Short text fragments from websites:
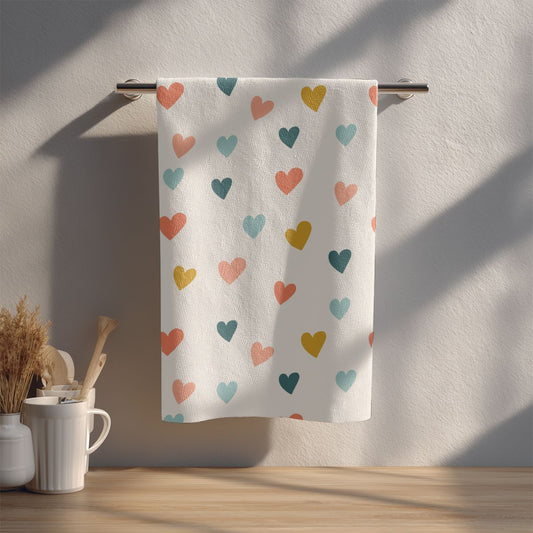 Hearts – Art Tea Towel
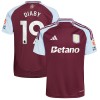 Camiseta de fútbol Aston Villa Diaby 19 Primera Equipación 2024-25 - Hombre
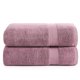 thumbnail image 1 of Juego de toallas de baño LANE LINEN Wishful Mauve, 100% algodón, 35 x 66 cm, paquete de 2, 1 of 9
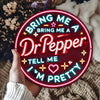 Vibrant 'Give Me A Pepper' Neon Sign - Stylish Round Wall Art for Home Office & Outdoor Decor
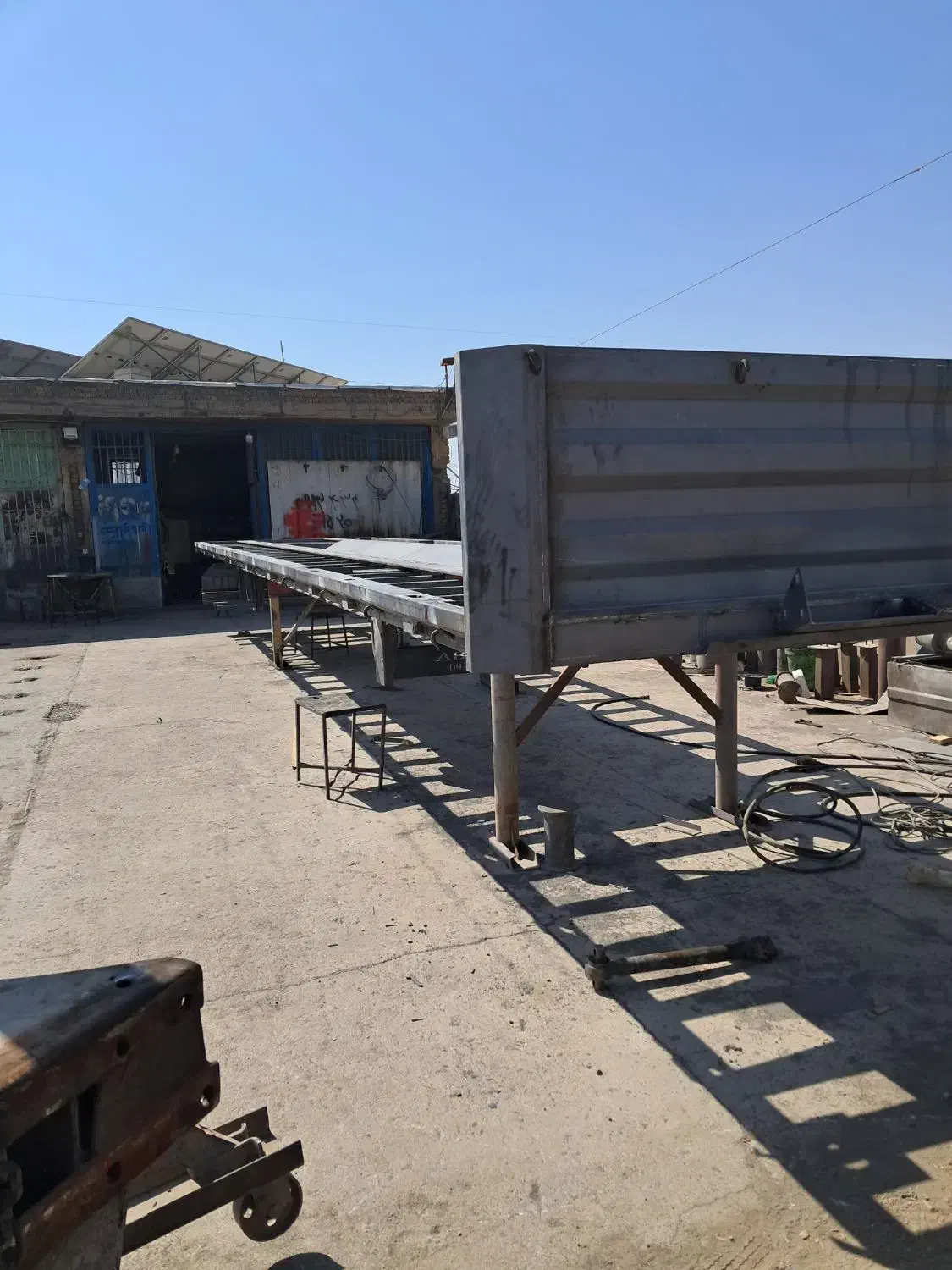 کفی تریلی سه محور و دومحور رولکش مبارکه ساز|قطعات یدکی و لوازم جانبی|مبارکه, |دیوار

## [Task prompt]
Give the data again exactly as it stands, apart from the pictures.

## [Task solution]
 Hearts – Art Tea Towel
 Camiseta de fútbol Aston Villa Diaby 19 Primera Equipación 2024-25 - Hombre
 thumbnail image 1 of Juego de toallas de baño LANE LINEN Wishful Mauve, 100% algodón, 35 x 66 cm, paquete de 2, 1 of 9
 Vibrant 'Give Me A Pepper' Neon Sign - Stylish Round Wall Art for Home Office & Outdoor Decor
 کفی تریلی سه محور و دومحور رولکش مبارکه ساز|قطعات یدکی و لوازم جانبی|مبارکه, |دیوار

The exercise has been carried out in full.